Reform, Civil War, and Invasion
Mexican leaders finally saw the light and exiled Santa Anna forever. While conservatives fumbled, searching for a king to replace Santa Anna, liberal leaders (whom Santa Anna had exiled or kept in jail) stirred up their own successful revolution. Benito Juárez, having triumphantly returned to the Oaxaca governorship, and others plunged ahead with three controversial reform laws: the Ley Juárez, Ley Lerdo, and Ley Iglesias. These reformas, integrated into a new liberal Constitution of 1857, directly attacked the privilege and power of Mexico’s corporate landlords, clergy, and generals: Ley Juárez abolished fueros, the separate military and church courts; Ley Lerdo forbade excess corporate (read: church) landholdings; and Ley Iglesias reduced or transferred most church power to the state.

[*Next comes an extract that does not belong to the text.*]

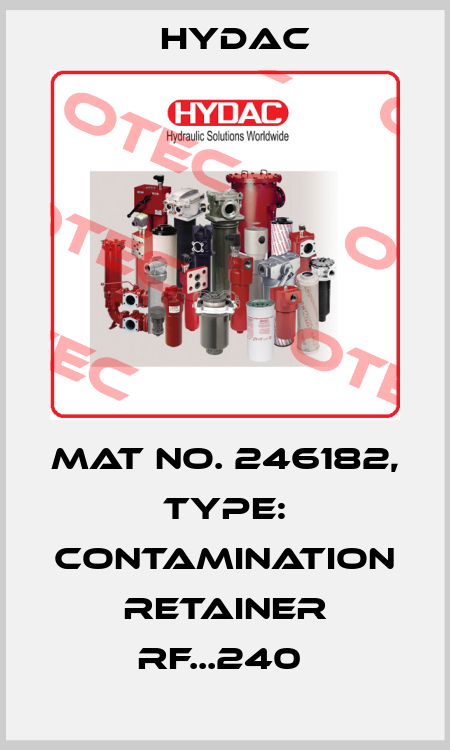 Mat No. 246182, Type: CONTAMINATION RETAINER RF...240  Hydac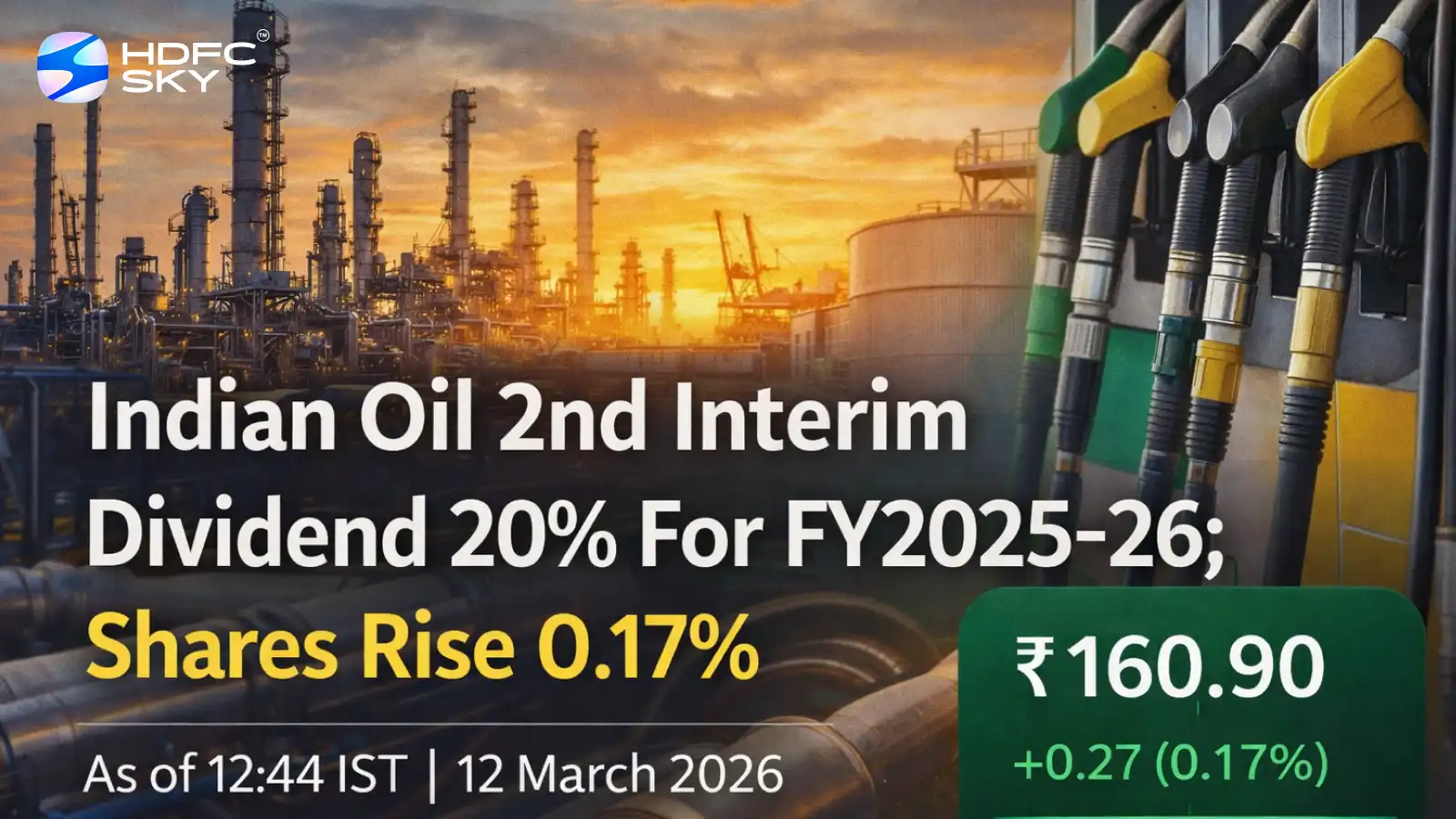 Indian Oil 2nd Interim Dividend 20% For FY26; Shares Rise 0.17%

Despite their liberal authors’ good intentions, some of the reform provisions resulted in negative consequences. Although Ley Lerdo (the “Law of the Divestiture of the Property of the Dead Hand”) succeeded in wiping out bloated church landholdings, it also forced thousands of native communities to sell their traditional land. Such sales invariably benefited the few rich individuals who could afford to buy, at the expense of the great mass of native Mexicans who became landless as a result. The consequence was equally negative. It created a new class of superlandowners: latifundistas, who soon ruled small kingdoms with impunity all over Mexico.
Oaxaca, fortunately, ran counter to the national trend. Lack of local capital and isolation from Mexico City led to little investment in Oaxaca land, so most communal holdings remained in indigenous hands. Moreover, of the several hundred church parcels sold in Oaxaca, one-third were, surprisingly, bought by native Mexicans.
Alarmed by the reforms, conservative generals, priests, and businessmen and their mestizo and indígena followers revolted. The resulting War of the Reforms (not unlike the U.S. Civil War) ravaged the countryside for three long years until the victorious liberal army paraded triumphantly in Mexico City on New Year’s Day 1861. In a thumping congratulations from the electors, Juárez outdistanced all rival candidates and became president in March 1861.
Juárez and Maximilian
Benito Juárez, the leading reformista, had won the day. His similarity to his contemporary, Abraham Lincoln, is legend: Juárez had risen from humble Zapotec native origins to become a lawyer, a champion of justice, and the president who held his country together during a terrible civil war. Like Lincoln, Juárez’s triumph didn’t last long.
Imperial France (taking advantage of U.S. preoccupation with its civil war) invaded Mexico in January 1862. Despite a formidable French force, which eventually ballooned to 60,000, Mexican regulars and guerrillas achieved a number of victories, several under the leadership of Oaxacan colonel (later general) Porfirio Díaz. Díaz rocketed to fame as the “Victor of Puebla” whose troops routed the French on May 5 (Cinco de Mayo), 1862. The French nevertheless managed to occupy Mexico City and several state capitals, including Oaxaca City, by summer 1864.
After two costly years pushing Juárez’s liberal army into the hills, the French installed the king Mexican conservatives thought the country needed. Austrian Archduke Maximilian and his wife Carlota, the very models of modern Catholic monarchs, were crowned emperor and empress of Mexico in June 1864.
The naive Emperor Maximilian I was surprised that some of his subjects resented his presence. Meanwhile, Juárez refused to yield, stubbornly performing his constitutional duties in a somber black carriage one jump ahead of the French occupying army. After Díaz’s signal victories at Carbonera and Miahuatlán in Oaxaca in late 1866, the climax came in May 1867, when liberal forces besieged and defeated Maximilian at Querétaro. Juárez, giving no quarter, sternly ordered Maximilian’s execution by firing squad on June 19.
Juárez Reelected; Díaz Rebels
Benito Juárez’s tumultuous popular approval and reelection to the presidency in October 1867 was not without its costs. His critics, notably Sebastián Lerdo de Tejada and Porfirio Díaz (who retired from active military duty to seek the presidency himself) accused Juárez of heavy-handed constitutional violations. Under Díaz’s influence, a number of military commanders stirred up local uprisings. Undeterred, Juárez worked day and night at the double task of reconstruction and reform. Single-mindedly, he pushed to amend the Constitution of 1857, a course that triggered a major armed revolt, the Rebellion of La Noria, by Díaz in 1871 to “restore the purity” of the constitution against Juárez’s alleged transgressions. Although his political momentum was weakened, Juárez was reelected president over both Tejada and Díaz in October 1871, but, exhausted, he succumbed to a heart attack on July 18, 1872. In his honor, Oaxaca City fathers renamed their city, officially, Oaxaca de Juárez.
The passing of Benito Juárez, the stoic partisan of reform, signaled hope to Mexico’s conservatives. They soon got their wish: General Don Porfirio Díaz, the “Coming Man,” was elected president in 1876.